• What you have to do: Scan the records for the string "Camera". State how many lines contain it and add nothing.

• Stored items from a collection:
----------------
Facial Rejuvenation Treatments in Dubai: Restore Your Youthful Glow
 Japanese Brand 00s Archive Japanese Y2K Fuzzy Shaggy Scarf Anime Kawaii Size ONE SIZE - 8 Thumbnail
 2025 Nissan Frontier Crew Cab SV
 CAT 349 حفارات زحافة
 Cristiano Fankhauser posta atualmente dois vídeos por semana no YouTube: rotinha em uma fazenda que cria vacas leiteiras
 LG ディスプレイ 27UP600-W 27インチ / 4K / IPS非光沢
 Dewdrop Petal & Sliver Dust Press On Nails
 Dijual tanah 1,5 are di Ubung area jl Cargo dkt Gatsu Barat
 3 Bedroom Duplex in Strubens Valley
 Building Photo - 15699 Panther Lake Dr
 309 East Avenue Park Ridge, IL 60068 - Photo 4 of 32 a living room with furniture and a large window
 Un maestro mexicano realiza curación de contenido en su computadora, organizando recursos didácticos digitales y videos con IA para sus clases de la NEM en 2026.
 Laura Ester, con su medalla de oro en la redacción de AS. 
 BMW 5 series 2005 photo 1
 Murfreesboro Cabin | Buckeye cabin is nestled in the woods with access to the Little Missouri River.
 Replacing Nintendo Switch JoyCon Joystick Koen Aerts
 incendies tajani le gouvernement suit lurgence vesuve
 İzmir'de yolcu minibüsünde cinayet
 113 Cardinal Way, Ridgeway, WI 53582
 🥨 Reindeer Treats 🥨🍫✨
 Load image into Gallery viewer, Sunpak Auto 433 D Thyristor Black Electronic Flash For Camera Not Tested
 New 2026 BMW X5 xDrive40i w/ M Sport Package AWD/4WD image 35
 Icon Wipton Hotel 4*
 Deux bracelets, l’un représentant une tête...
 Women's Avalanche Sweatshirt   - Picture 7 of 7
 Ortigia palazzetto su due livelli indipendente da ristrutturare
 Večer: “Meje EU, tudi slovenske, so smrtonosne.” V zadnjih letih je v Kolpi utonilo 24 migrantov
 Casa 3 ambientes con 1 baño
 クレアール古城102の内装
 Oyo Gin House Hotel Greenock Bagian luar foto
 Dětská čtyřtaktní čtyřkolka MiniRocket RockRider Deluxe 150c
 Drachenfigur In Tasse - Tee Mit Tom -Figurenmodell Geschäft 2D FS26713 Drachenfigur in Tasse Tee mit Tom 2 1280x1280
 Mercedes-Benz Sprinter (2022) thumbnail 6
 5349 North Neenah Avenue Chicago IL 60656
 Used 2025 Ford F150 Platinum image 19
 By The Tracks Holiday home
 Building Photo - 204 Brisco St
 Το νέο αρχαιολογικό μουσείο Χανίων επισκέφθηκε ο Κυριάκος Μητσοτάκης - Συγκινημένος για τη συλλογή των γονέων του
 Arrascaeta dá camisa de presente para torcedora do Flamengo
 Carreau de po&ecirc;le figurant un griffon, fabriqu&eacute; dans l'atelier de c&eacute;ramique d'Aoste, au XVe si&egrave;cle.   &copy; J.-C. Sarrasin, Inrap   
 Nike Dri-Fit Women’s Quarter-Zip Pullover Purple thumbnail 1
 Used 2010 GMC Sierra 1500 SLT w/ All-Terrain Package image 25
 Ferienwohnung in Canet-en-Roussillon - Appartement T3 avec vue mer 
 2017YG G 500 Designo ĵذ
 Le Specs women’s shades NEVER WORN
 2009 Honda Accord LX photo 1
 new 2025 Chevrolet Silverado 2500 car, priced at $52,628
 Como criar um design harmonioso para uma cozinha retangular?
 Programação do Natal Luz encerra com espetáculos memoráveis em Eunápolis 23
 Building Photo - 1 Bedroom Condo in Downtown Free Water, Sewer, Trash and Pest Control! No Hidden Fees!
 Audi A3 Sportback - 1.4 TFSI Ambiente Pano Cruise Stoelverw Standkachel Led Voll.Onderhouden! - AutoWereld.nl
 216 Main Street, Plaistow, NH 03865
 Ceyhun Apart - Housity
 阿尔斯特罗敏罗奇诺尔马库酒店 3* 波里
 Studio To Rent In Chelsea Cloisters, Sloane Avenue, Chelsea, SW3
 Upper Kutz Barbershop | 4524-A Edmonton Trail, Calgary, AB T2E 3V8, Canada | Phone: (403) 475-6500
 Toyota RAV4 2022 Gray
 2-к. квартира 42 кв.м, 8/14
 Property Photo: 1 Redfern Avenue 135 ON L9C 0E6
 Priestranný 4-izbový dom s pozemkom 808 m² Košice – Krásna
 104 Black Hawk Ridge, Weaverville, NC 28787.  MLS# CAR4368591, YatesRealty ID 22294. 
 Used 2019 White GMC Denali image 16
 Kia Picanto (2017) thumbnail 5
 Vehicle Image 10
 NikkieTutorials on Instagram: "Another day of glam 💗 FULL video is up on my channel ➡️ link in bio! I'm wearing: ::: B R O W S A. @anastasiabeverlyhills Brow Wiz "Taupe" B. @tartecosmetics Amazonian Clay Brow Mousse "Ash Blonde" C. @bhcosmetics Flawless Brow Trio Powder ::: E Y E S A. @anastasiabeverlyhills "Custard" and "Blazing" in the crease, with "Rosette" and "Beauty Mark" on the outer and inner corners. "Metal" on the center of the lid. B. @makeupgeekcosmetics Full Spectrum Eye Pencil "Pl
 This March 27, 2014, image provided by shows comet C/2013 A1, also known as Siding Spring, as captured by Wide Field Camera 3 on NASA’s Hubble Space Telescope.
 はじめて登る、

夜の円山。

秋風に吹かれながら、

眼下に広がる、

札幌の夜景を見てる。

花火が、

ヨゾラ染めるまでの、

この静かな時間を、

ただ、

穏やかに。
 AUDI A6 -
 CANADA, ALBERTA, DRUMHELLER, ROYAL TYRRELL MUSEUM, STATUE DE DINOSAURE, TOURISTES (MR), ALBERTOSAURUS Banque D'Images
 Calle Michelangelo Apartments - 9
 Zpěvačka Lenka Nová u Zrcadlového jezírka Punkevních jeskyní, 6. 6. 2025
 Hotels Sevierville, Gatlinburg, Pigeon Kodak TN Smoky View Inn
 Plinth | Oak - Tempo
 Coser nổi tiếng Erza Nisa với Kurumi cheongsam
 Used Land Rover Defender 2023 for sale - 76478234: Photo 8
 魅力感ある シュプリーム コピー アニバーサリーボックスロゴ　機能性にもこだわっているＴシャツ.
----------------
• Task response: 2